Prima di tutto, è fondamentale capire dove sta il problema. Google Analytics indica di default una frequenza di rimbalzo “generale”, ma è possibile (e auspicabile) guardare in dettaglio questa misura e vedere quali pagine sono interessate, e da quali canali provengono gli utenti che determinano un aumento della frequenza di rimbalzo.
A questo riguardo, può capitare che due o tre pagine siano problematiche ma, se non sono strategiche, l’importanza del risultato è limitata. Tuttavia, non è molto comune, poiché una frequenza di rimbalzo significativa riguarderà una pagina che riceve molto traffico, ciò significa che tale pagina sarà stata progettata appositamente per generarlo. È raro registrare frequenze di rimbalzo elevate su pagine quasi invisibili del sito, come quella delle note legali, per esempio.
Una volta che la pagina o il canale problematici sono stati individuati, diventa più facile agire. In sostanza, una frequenza di rimbalzo elevata riflette due problemi: o il contenuto della pagina non soddisfa le aspettative degli utenti di Internet o l’esperienza dell’utente è negativa in quella pagina (si carica troppo lentamente, gli elementi importanti non appaiono, ecc.); oppure tutte e due le cose allo stesso tempo.
Per rendere tutto più concreto, prendiamo l’esempio di una landing page ottimizzata per la SEO che appare su una parola-chiave strategica per l’azienda. Ecco alcuni suggerimenti per migliorare la frequenza di rimbalzo:
- Dai un’occhiata alle fonti del traffico per sapere se la pagina deve essere ottimizzata per un certo tipo di dispositivo. Ad esempio, se la frequenza di rimbalzo è molto più alta sui dispositivi mobili rispetto ai desktop, l’ottimizzazione per i dispositivi mobili diventa essenziale per fornire un’esperienza utente di qualità.
- Fai in modo di garantire una certa coerenza tra il contenuto della pagina e il collegamento originale, assicurandoti di allineare i tag title e le meta-description con il contenuto della pagina. (In genere, se il titolo dice “Frequenza di rimbalzo: cos’è il bounce rate?” e la pagina relativa si occupa dell’adattamento degli animali artici al riscaldamento globale, il tutto non funziona.)

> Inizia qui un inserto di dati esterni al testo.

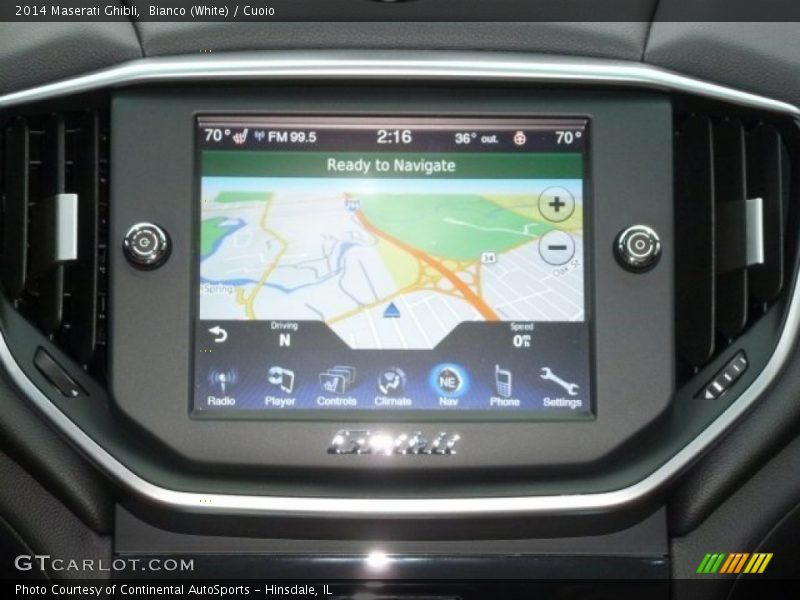 Bianco (White) / Cuoio 2014 Maserati Ghibli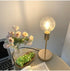 Bedroom Bedside Lamp Golden Modern Simple Model Room Décor Table Lamps College Dorm Study LED Desk Lamp E27 Table Light Fixtures Cute Study Lamps for Bedroom Décor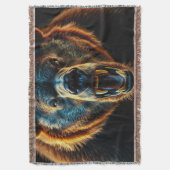 怒熊 スローブランケット (正面縦)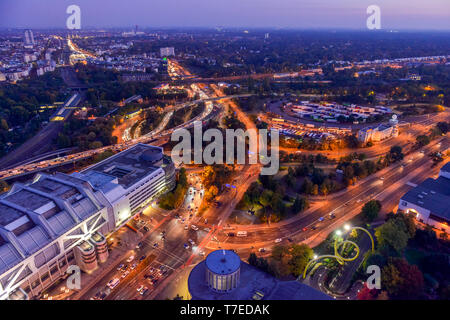 Autobahnkreuz Funkturm, Charlottenburg, Berlin, Deutschland Banque D'Images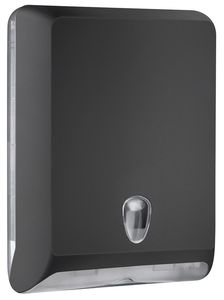 Sapho Colored dispenser voor papieren handdoeken 30x40x13cm mat zwart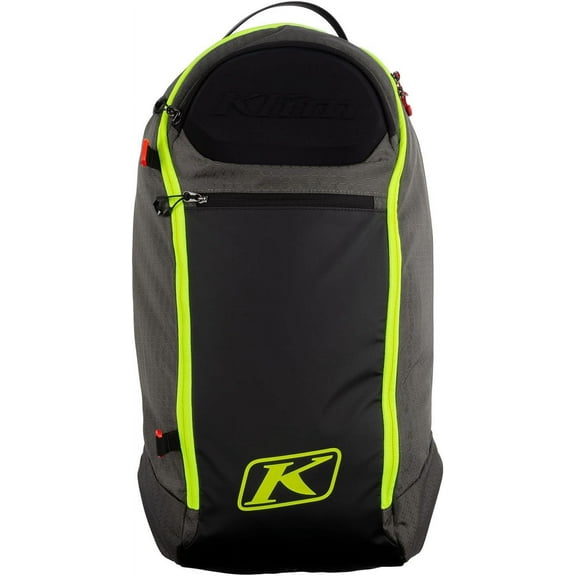 KLIM Krew 16 Pack Technical Snowmobile Backpack - Castlerock - Hi-Vis
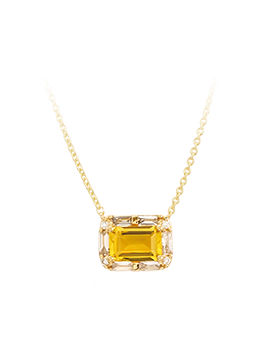 K18YG Heliodor Necklace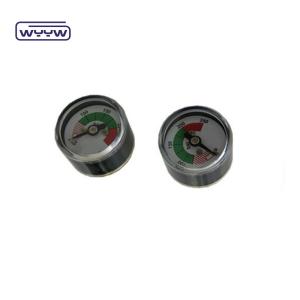 China Mini Air Spiral Tube Pressure Gauge Manometer Size Customized wholesale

- Ottimizza la pagina sul piano tecnico in modo da soddisfare le aspettative degli utenti di Internet, in particolare migliorando la velocità di caricamento e di visualizzazione degli elementi principali (si pensi, tra gli altri, ai famosi Core Web Vitals).
- Evita i pop-up e altri annunci intrusivi sulla pagina: questi sono grandi trigger di rimbalzi! Ciò è particolarmente vero sui dispositivi mobili, dove i popup tendono a occupare l’intero schermo. Se non puoi farne a meno, potresti mostrare l’annuncio dopo un certo tempo di visualizzazione, oppure dopo che l’utente ha raggiunto una certa linea orizzontale con lo scroll: così avrà già consumato parte del contenuto e sarà meno indotto a rimbalzare.
In conclusione, la frequenza di rimbalzo, per quanto importante, è un indicatore di prestazioni a doppio taglio che deve essere gestito con cautela . Piuttosto che interpretarlo isolatamente, è bene associarlo ad altre metriche (tasso di conversione, ROI, ecc.) per analizzare il comportamento degli utenti di Internet… e non lasciarsi ossessionare dal bounce rate!